One theory behind interest-based bargaining is that parties to a conflict are more likely to agree to a solution that meets one or more of their most important interests. If you’re one of the millions who’ve read William Ury’s work, you know this well, and you know his defintion of interests: The intangible motivations that lead people to take positions – needs, desires, concerns, fears, and aspirations.
I used to remind my mediation grad students that if parties keep saying no to proposed solutions, the solutions either don’t meet an important interest or they don’t see that the solutions do.

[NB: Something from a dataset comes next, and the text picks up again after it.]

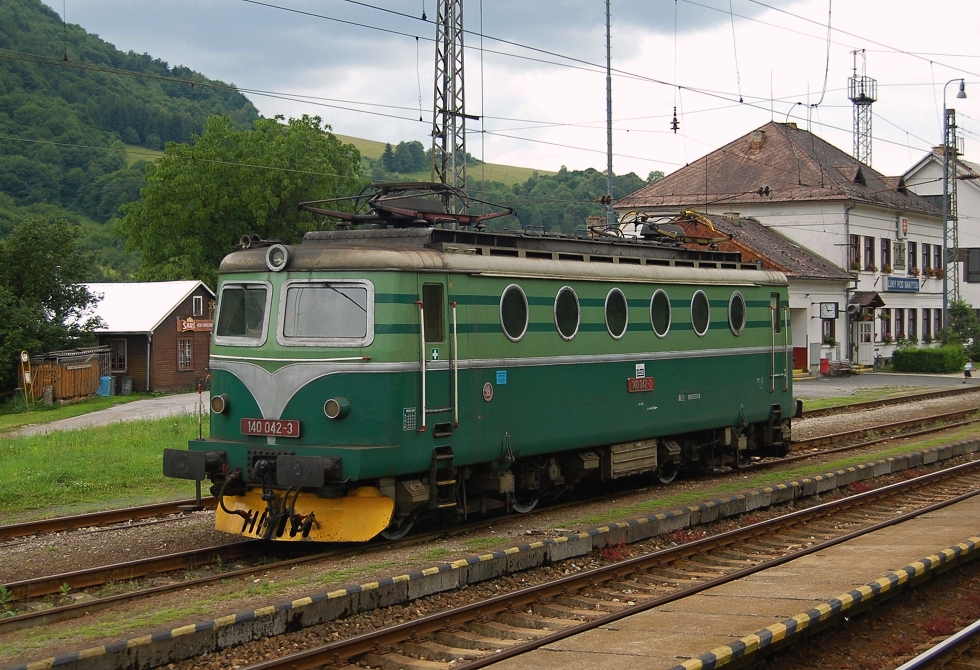 140 042-3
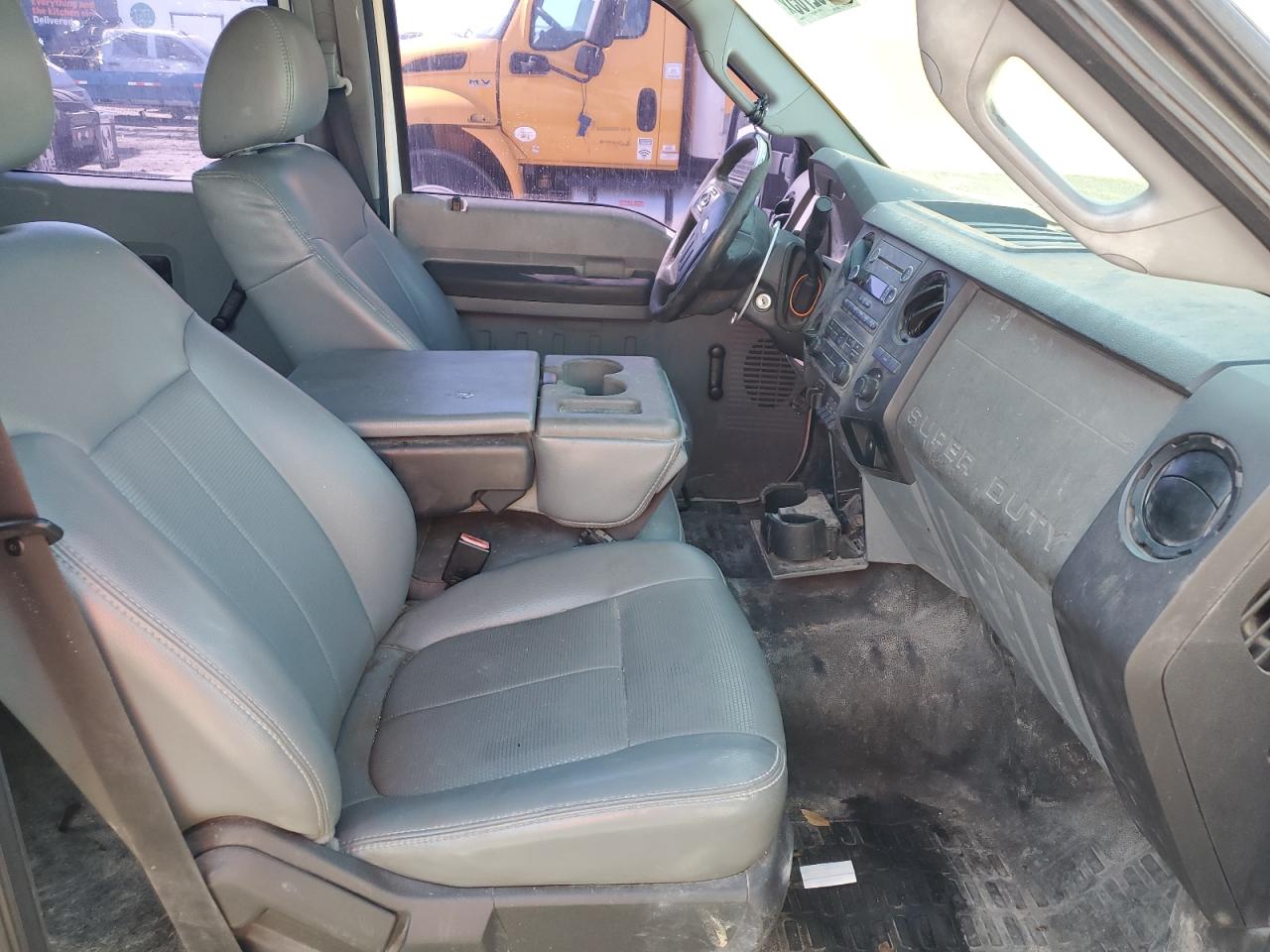 Ford F-350 Super Duty Image 4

So it’s pretty pointless (and stepping over the mediator line in a lot of professionals’ books) to convince or manipulate them into agreement in these circumstances and so much more effective to look for solutions that do meet their interests or work to understand where they see the disconnect between the solution and their important interests.
Any of you who’ve read my book know I make the case for using interests to guide our marketing work in much the same way as they guide the work of many mediators. So, the concept above works for your market, too: People are more likely to agree to a service that helps them meet one or more of their most important interests.
In The 5 Things People Really Buy Duct Tape Marketing’s John Jantsch makes the case,
“…No matter if you sell heating and cooling services, legal services, hand painted greeting cards, or consulting, at the end of the day, your customers all buy some variation of the same five things.
So you better make sure you show them how you and your products and solutions are going to:
- Make them more money
- Save them more time
- Allow them to avoid the frustration of doing stuff they don’t like (like wasting time and money)
- Help them save or not lose money today and in future
- Help them feel better about themselves
Copy these five points and refer to them often as you develop your marketing and sales pitches.”
So, mediators, the work we do speaks very directly to interests 3, 4 and 5 and you could probably make the case for interest 2 as well. I see a lot of mediation marketing that addresses #4 (ok, in all honesty, I see it ad nauseam).
I think mediators are missing the boat by failing to address #3 and #5 in how we talk about what we do. What do you think?
A quick announcement
Those of you who also read my Conflict Zen blog already know I’ve started a new writing project, The Year 20 Reboot. I’m celebrating year 20 of my marriage this year and my husband and I have a launched a bit of a joint marital experiment for the next 12 months. Something mediators might have an interest in. If I’ve intrigued you, read more about it here.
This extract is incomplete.